Distributed systems research has been going on since the very first time someone decided to network multiple computers. Industry and academia have shared this burden and we're here today because of many different people and organisations. Some of this work is often referenced and built on, such as Lamport's paper on Time, Clocks and the Ordering of Events in a Distributed System, or RFC 707, concerning RPCs. But some of it, such as Stuart's work on Coloured Actions, or much work on weak consistency replication.
However, sometimes it's simply a matter of timing, with some research happening before it's really needed or truly appreciated. Case in point is a lot of the work that we saw produced during the mid 1990's on configurable distributed system and particularly that presented and documented by the IEEE Conference on Configurable Distributed Systems (there were other workshops and institutions doing similar work, but this conference was one that I had personal knowledge about since I had several papers published there over the years). Much of this work concerned autonomous systems that reacted to change, e.g., the failure of machines or networks, or increased work load on a given machine that prevented it from meeting performance metrics.

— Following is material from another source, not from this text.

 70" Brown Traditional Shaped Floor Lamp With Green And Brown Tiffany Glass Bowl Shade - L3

Some of these systems could then dynamically adapt to the changes and reconfigure themselves, e.g., by spinning up new instances of services elsewhere to move the load, or route messages to alternative machines or via alternate routes to the original destination thus bypassing network partitions.
This is a gross simplification of the many and varied techniques that were discussed and developed almost two decades ago to provide systems that required very little manual intervention, i.e., they were almost entirely autonomous (in theory, if not always in practice). With the growing popularity of all things Cloud related, these techniques and ideas are extremely important. If Cloud (whether public or private) is to be differentiated from, say, virtualizing infrastructure in IT departments, then autonomous monitoring, management and reconfiguration is critical to ensure that developers can have on-demand access to the compute resources they need and that the system can ensure those resources are performing according to requirements. This needs to happen dynamically and be driven by the system itself in most cases because there should be little/no involvement by your friendly neighbourhood system administrator (in fact in some cases such an individual may not exist!)

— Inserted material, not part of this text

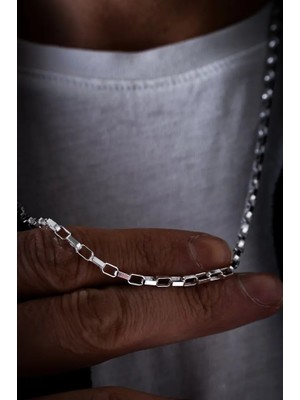 Ricco Jewellery 925 Ayar Gümüş Old Money Küt Küp Zincir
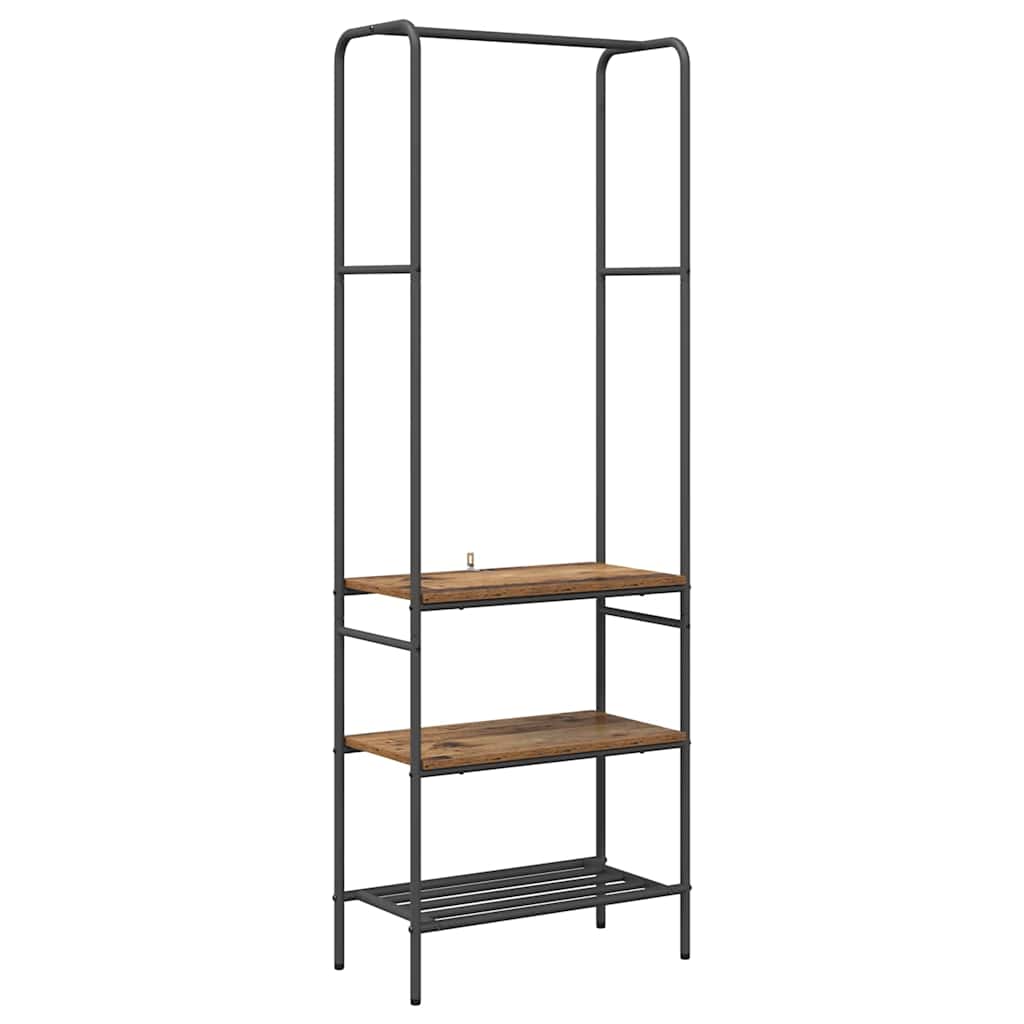 vidaXL Kleiderständer mit Regal Altholz 60 x 30 x 171 cm Holzwerkstoff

I'm hoping that just because Cloud didn't exist as an identifiable concept back in the 1990's, people and organizations today don't overlook the fact that relevant R&D happened back then. Reworking and retasking some of this prior work could help save us a lot of time and effort, even if it's just to convince engineers today that certain paths or possible solutions aren't viable. For a start I know that I'll be getting my copies of those proceedings out again to refresh my memory!